THE Australian Securities Dealers Association has criticised new Commonwealth regulations that prevent 450 financial service businesses from paying standard brokerage fees to their advisers.
Under the proposed recommendations, Australian Securities & Investments Commission-licensed businesses will still be able to pass brokerage fees onto their financial advisers, but boutique firms will be prohibited from doing so.
These regulations are intended to complement the Future of Financial Advice reforms, which aim to ban remuneration structures based on commissions and volume-based payments.
Consequently, non-participant firms will have to come up with new remuneration systems to pay their advisers.

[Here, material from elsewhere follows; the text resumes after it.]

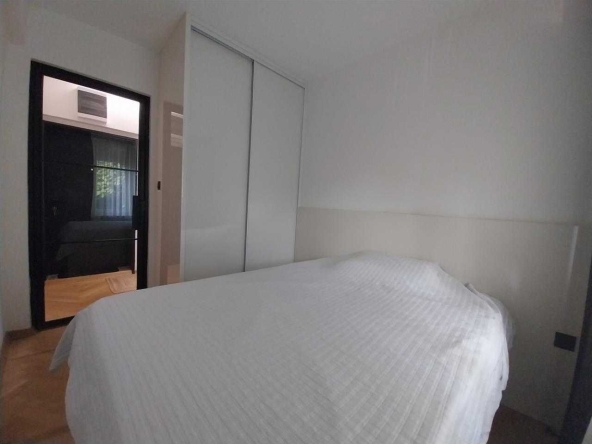 Дава се под наем Двустаен апартамент в Бургас, Славейков - 55 кв.м за 204 € - Снимка #1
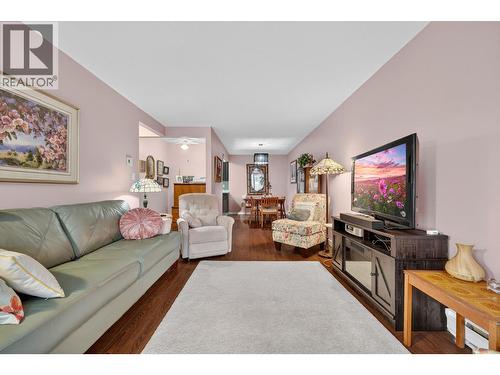575 Sutherland Avenue Unit# 207, Kelowna, BC - Indoor Photo Showing Living Room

The licensed ASIC market participants have direct access to trading, executing and clearing transactions on domestic financial markets including the ASX, National Stock Exchange of Australia, and ASX Futures exchange.
“Under the legislation, clients can still be charged brokerage fees but the brokerage can’t be passed onto the advisers within boutique firms,” ASDA executive chair Jamie Coote said.
“For advisers, that can take up to 90 per cent off their income, which will make it much harder for boutique firms to attract and retain talent.
“This could, potentially, force a large number of these financial services firms to close or reduce staff numbers.”
Local boutique firms affected by the recommendation include Alto Capital, Blackswan Equities, CPS Securities, Stellar Securities, and DJ Carmichael.
ASDA has contacted the office of Financial Services Minister Bill Shorten seeking clarification on this decision but has yet to receive a response.
Mr Coote said that, by only allowing market participants to charge brokerage, the draft discriminated against the investor’s choice of service provider.
“Boutique firms have established solid relationships with clients and invest with integrity on their behalf,” he said.
“It now appears you have to be a member of the ‘old school set’ to be allowed to trade in equities.
“We argue this is discriminatory, elitist and unfair.”
There are about 40 licensed market participant firms in Australia, 19 of which operate in WA. These firms include Patersons Securities, Argonaut Securities, and Sentinel Stockbroking.
Mr Coote said some of the ASX participants weren’t happy with the changes.
“I have heard that they have sent some people to Canberra to talk with the treasurer,” he said.
ASDA held a meeting with its members last week where the majority of its members were confused by the decision to force them out of brokerage fee remuneration and feared their individual positions as investors would be severely hampered.
Mr Coote said both formal and informal written submissions had been sent to the Treasury, including submissions from ASDA and the big four banks.
The two-week consultation period with the Treasury ended Thursday last week.
If the proposal goes unchanged, brokerage fees will be restricted to licensed market participants when the Future of Financial Advice reforms take effect in July 2013.